The Doughgirls is a three-act play written by Joseph Fields. Producer Max Gordon staged it on Broadway, where it debuted at the Lyceum Theatre on December 30, 1942. The play is a comedy about three unmarried women sharing a room in an overcrowded hotel in Washington, D.C. during World War II. The Broadway production was a hit that ran for 671 performances and closed on July 29, 1944. It was adapted as a film of the same name in 1944.

==Cast and characters==
The characters and cast from the Broadway production are given below:

Opening night cast
| Character | Broadway cast |
|---|---|
| Edna | Virginia Field |
| Julian Cadman | King Calder |
| Mr. Jordan | Sydney Grant |
| Col.
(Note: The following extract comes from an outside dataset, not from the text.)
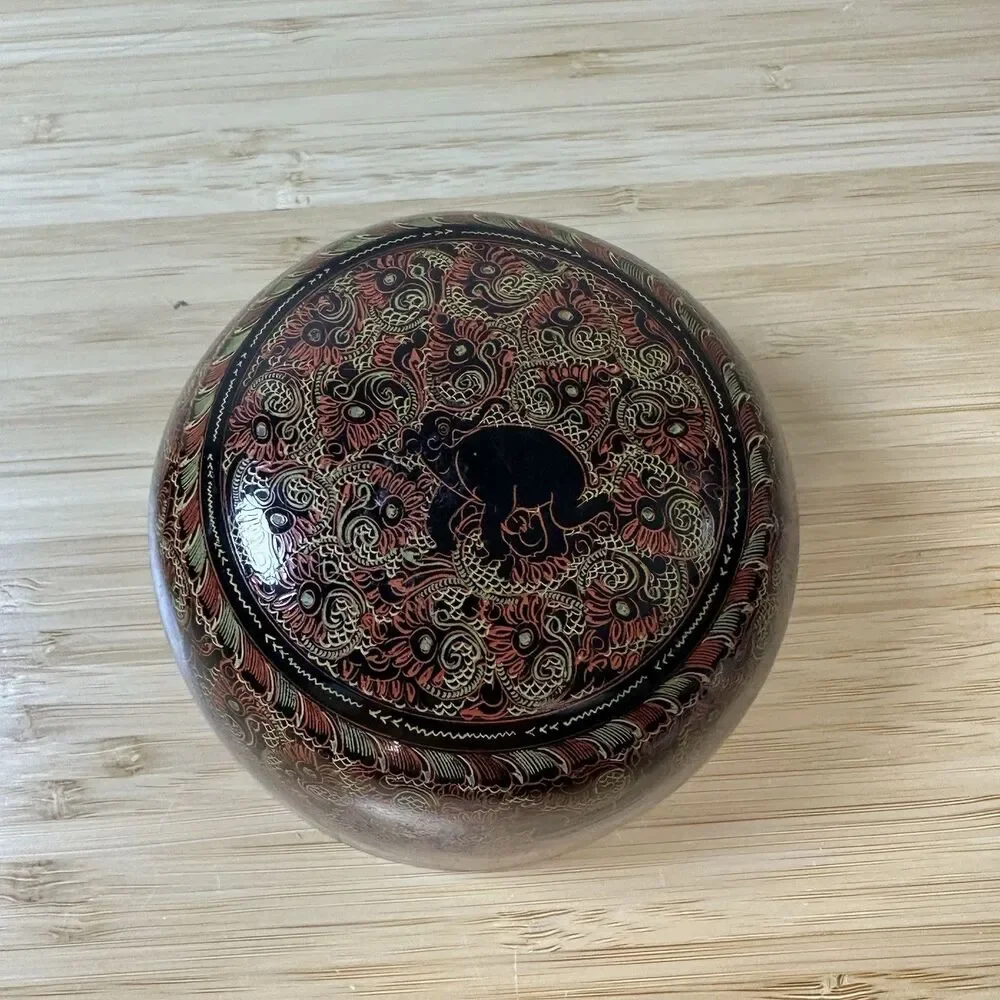 Vintage Burmese Lacquerware Bowls Cups 3- Pieces Burma Horsehair Bamboo Handmade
Harry Hallstead | Reed Brown, Jr. |
| A bellboy | George Calvert |
| Maid | Mary Cooper |
| Maid | Mildred Haines |
| Vivian | Arleen Whelan |
| Another bellboy | Jerome Thor |
| A porter | Hugh Williamson |
| Another porter | Kermit Kegley |
| Waiter | Walter Beck |
| Nan | Doris Nolan |
| Brigadier General Slade | William J. Kelly |
| Tom Dillon | Vinton Hayworth |
| Judge Honoria Blake | Ethel Wilson |
| Natalia Chodorov | Arlene Francis |
| A stranger | Harold Grau |
| Orderly | Joseph Olney |
| Warren Buckley | Edward H. Robins |
| Sylvia | Natalie Schafer |
| Chaplain Stevens | Reynolds Evans |
| Admiral Owens | Thomas F. Tracey |
| Timothy Walsh | James MacDonald |
| Stephen Forbes | Maurice Burke |
| Father Nicholai | Maxim Panteleieff |

==Film adaptation==
Warner Bros. paid $250,000 for the right to adapt the play as a movie. James V. Kern and Sam Hellman wrote the screenplay, which had to remove the play's implications of extramarital sex to be accepted by the censors at the Breen Office. Kern directed the film, which was titled The Doughgirls.